### TASK INSTRUCTIONS
The answer must consist of every line from the data that holds the string "show".

### EXCERPTED DATA

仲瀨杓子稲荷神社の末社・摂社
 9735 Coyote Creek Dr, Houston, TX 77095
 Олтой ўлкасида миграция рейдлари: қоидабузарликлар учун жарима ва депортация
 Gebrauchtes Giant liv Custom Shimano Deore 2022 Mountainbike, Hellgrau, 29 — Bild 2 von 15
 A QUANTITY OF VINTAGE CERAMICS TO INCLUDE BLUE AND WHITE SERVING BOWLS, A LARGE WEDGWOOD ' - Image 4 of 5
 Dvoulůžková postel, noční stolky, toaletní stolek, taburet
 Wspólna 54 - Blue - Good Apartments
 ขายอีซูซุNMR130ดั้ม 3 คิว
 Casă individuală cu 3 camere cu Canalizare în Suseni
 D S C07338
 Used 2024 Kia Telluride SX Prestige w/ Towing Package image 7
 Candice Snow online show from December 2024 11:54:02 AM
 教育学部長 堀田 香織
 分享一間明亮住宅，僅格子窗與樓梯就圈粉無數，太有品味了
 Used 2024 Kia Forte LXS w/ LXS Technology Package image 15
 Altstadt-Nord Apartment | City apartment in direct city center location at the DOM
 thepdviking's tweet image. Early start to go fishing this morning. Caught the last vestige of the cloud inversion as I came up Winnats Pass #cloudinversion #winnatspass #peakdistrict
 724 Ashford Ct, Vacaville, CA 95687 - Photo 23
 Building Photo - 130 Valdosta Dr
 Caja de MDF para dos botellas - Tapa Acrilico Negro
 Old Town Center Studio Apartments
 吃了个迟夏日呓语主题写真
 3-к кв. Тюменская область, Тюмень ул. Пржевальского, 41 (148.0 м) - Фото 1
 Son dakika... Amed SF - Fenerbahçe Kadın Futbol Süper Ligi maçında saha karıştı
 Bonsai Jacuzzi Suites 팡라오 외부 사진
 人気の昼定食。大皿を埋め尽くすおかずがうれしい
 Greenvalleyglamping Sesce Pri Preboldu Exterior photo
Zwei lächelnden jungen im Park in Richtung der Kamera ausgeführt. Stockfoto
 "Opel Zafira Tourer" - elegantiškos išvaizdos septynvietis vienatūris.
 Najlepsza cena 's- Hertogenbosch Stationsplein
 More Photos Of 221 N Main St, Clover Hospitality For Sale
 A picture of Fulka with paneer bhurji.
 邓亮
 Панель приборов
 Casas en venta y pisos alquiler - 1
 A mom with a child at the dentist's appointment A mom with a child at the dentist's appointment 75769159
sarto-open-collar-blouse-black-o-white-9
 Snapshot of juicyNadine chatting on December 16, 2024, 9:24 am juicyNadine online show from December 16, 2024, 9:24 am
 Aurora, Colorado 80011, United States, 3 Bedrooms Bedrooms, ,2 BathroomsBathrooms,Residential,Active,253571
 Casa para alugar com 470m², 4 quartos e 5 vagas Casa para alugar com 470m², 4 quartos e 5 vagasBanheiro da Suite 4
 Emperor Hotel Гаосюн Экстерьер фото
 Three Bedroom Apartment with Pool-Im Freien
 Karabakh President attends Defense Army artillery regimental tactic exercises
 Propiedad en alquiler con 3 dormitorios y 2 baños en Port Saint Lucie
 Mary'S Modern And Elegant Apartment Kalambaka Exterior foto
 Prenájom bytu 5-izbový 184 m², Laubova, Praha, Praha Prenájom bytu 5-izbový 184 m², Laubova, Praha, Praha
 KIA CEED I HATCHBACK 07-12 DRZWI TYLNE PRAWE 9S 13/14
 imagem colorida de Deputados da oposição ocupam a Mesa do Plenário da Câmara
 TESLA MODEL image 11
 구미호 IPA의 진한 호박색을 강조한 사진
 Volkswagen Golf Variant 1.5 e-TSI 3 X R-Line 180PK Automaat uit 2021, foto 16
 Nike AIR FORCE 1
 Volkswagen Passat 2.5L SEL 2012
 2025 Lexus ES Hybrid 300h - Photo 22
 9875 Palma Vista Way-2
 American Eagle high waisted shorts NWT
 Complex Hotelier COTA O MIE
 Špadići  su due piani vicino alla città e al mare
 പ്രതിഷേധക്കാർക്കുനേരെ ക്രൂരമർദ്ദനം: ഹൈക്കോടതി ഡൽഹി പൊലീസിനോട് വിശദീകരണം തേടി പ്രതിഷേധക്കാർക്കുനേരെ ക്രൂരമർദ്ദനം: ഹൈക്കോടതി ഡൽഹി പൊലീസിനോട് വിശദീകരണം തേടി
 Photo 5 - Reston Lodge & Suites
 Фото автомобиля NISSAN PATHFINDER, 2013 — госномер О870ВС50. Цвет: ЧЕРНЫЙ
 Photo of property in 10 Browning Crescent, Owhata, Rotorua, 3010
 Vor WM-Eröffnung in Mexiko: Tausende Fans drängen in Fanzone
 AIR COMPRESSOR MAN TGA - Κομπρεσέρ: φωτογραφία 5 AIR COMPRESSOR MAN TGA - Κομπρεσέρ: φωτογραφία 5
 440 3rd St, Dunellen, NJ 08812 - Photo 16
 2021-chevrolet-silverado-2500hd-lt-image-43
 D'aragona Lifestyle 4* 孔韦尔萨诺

### ANSWER BOX
 Candice Snow online show from December 2024 11:54:02 AM
 Snapshot of juicyNadine chatting on December 16, 2024, 9:24 am juicyNadine online show from December 16, 2024, 9:24 am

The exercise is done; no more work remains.